C’est un Maître qui le dit. Pourquoi l’arrêter en si bon chemin?
« La relation paradoxale qui s’installe entre celui qui ordonne, et celle qui subit, est forcément marquée du sceau de l’amour. Non que je veuille aller dans le sens de l’adage « Qui aime bien châtie bien », mais tout de même il y a quelque chose qui tient à cela, qui constitue du moins le nectar étrange, siroté jusqu’à la lie, dont les ingrédients sont un doux mélange de douleur et de jouissance pour atteindre un plaisir au plus haut du ciel.
« Ce qui explique que la relation Maître/soumise, lorsqu’elle perdure, est infiniment personnalisée, et sans ce qu’apporte le domaine affectif en sensations exacerbées, il n’existe pour moi point de salut : toute pratique qui en fait abstraction relève de méthodes sadomasochistes décadentes ou de simples désirs d’échangisme déguisés. »

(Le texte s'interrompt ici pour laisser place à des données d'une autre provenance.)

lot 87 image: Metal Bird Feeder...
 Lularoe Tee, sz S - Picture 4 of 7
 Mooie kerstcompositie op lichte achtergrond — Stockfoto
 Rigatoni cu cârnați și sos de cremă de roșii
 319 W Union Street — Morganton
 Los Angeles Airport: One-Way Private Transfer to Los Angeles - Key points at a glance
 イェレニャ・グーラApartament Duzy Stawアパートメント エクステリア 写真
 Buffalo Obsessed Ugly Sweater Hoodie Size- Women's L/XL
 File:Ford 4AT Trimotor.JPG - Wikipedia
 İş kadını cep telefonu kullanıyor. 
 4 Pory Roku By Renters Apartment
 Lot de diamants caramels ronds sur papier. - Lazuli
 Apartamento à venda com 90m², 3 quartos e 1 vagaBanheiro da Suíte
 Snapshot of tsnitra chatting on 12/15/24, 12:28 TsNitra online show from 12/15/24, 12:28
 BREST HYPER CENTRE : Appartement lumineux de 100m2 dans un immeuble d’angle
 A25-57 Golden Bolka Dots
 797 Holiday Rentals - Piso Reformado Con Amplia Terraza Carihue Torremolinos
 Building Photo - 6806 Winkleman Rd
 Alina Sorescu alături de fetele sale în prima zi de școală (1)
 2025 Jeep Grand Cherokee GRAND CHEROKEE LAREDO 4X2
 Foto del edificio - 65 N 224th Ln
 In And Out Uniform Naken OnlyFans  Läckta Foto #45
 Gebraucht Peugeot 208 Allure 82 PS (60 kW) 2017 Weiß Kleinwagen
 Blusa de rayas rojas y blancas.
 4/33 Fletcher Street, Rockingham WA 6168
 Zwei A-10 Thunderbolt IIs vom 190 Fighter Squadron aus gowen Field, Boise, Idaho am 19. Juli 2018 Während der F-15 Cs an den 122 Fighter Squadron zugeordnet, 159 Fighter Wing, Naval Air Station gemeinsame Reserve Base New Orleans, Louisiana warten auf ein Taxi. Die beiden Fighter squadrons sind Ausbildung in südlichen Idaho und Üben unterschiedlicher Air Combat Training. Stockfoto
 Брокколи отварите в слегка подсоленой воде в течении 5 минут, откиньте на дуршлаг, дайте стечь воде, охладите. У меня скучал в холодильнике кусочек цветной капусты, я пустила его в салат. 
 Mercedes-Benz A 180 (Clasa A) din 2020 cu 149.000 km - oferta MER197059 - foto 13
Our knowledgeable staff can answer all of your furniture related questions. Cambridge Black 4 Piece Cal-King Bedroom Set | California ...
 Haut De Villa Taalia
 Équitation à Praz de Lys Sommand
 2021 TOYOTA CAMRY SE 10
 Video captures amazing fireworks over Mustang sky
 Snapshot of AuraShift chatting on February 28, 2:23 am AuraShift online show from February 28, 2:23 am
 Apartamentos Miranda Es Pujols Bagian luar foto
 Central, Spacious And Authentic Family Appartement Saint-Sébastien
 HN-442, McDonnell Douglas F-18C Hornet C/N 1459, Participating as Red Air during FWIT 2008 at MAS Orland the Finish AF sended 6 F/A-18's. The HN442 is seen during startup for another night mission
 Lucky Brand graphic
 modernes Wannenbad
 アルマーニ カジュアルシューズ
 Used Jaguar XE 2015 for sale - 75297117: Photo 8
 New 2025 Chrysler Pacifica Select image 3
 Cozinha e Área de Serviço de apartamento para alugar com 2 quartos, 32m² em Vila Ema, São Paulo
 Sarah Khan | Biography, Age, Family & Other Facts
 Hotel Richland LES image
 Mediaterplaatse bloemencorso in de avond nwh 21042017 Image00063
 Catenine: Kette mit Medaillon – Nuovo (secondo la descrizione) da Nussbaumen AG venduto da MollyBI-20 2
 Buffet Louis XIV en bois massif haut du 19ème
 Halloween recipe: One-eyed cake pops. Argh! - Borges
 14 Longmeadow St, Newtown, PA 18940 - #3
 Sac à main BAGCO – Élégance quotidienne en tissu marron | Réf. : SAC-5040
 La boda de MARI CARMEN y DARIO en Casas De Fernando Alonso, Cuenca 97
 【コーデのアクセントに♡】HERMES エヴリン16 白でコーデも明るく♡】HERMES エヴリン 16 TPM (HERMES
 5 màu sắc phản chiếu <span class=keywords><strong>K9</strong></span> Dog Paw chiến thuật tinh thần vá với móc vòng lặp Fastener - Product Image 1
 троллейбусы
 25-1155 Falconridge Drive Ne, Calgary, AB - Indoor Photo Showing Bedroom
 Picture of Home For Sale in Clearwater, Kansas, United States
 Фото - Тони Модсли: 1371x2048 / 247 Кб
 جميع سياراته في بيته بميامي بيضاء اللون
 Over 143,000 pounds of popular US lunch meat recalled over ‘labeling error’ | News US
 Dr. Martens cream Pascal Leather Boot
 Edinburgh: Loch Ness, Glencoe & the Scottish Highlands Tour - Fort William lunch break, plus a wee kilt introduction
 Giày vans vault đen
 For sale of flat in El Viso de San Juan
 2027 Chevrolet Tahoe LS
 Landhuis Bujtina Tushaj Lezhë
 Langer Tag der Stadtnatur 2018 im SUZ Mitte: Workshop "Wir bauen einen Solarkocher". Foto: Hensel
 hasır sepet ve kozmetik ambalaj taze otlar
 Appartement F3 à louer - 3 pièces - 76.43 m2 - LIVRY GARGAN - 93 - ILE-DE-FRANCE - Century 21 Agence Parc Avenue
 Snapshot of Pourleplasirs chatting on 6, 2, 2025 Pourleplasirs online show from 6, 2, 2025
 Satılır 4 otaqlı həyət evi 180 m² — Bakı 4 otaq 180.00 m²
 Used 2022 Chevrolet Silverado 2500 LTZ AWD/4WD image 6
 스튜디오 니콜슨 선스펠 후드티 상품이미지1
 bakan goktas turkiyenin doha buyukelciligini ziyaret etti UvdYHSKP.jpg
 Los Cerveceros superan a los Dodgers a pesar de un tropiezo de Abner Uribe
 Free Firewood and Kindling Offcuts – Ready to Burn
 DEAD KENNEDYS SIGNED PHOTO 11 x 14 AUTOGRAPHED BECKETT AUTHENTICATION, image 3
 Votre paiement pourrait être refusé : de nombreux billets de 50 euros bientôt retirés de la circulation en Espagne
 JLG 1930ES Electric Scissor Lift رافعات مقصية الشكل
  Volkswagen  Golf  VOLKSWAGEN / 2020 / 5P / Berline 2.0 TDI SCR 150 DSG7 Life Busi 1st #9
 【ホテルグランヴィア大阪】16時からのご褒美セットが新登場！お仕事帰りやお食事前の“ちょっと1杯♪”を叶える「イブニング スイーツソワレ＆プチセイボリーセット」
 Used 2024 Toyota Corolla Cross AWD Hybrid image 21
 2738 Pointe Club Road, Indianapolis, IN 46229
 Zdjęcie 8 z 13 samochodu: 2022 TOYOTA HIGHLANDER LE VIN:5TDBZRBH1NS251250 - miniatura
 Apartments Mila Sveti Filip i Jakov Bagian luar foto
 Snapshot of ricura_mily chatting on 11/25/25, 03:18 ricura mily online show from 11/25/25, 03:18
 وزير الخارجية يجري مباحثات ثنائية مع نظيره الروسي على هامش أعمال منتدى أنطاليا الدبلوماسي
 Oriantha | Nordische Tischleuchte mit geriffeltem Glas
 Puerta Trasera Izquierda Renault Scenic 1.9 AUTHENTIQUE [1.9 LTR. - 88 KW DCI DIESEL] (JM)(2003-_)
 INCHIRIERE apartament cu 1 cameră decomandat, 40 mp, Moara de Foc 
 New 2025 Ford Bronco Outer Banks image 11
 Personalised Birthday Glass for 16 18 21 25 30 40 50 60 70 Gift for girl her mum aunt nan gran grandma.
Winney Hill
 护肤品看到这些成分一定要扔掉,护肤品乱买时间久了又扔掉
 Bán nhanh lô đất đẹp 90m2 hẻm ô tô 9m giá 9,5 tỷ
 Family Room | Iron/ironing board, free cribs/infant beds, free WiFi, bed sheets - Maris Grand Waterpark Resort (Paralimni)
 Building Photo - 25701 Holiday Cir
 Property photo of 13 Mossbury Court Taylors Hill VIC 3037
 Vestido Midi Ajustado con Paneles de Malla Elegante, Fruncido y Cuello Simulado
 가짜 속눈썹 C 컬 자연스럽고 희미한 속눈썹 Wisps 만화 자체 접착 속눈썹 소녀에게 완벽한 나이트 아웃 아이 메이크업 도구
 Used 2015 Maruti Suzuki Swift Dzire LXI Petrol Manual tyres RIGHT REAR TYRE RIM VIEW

La rareté des soumises authentiques
« J’évite autant que possible ces dérives en ma Cave (l’espace donjon de l’auteur), mais je mentirais si j’affirmais qu’aucune femme ne s’y présente avec pour unique motivation de se faire enfiler par mes godes à pattes. Cette engeance ne possède pas une once de ce qui transcende une soumise, elle ne donne rien, et se contente de prendre ce qui l’intéresse : de grosses queues à la chaîne.
« Je veille au grain, naturellement. Mais je dois confier que les authentiques soumises ne sont pas si nombreuses que cela. Et elles seules me captivent, car leur quête du plaisir est couplée à une complète forme d’abandon de soi.
« L’on comprendra mieux sans doute que « j’aime » mes soumises d’un « amour » sans équivoque, et qui ne sort – en principe – jamais du cadre du Donjon : elles ont en effet pour la plupart un homme dans leur vie, parfois un dominateur, et je me garde bien d’entrer en compétition avec eux dans quelque registre que ce soit. Je ne prends dans la vie de mes soumises que la place qui m’est accordée, pas un centimètre de plus, et je mets un point d’honneur à établir une sorte de séparation entre l’Église et l’État : les enthousiasmes excessifs à mon égard, qui débordent du cadre établi, sont systématiquement refrénés par mes soins.
« Je conserve les lettres d’amour que je reçois, mais j’évince, en toute élégance, celles qui voudraient conduire leur couple vers une situation périlleuse à cause de ma présence. L’expérience de plaisirs interdits que je prétends leur apporter ne peut en aucun cas nuire à l’équilibre de leur relation amoureuse, et si je m’y immisce quelquefois – c’est extrêmement rare -, nous nous placerons alors dans une triangulaire souhaitée, et totalement assumée. »
Patrick Le Sage dans Journal d’un maître, récit, Flammarion, 2005.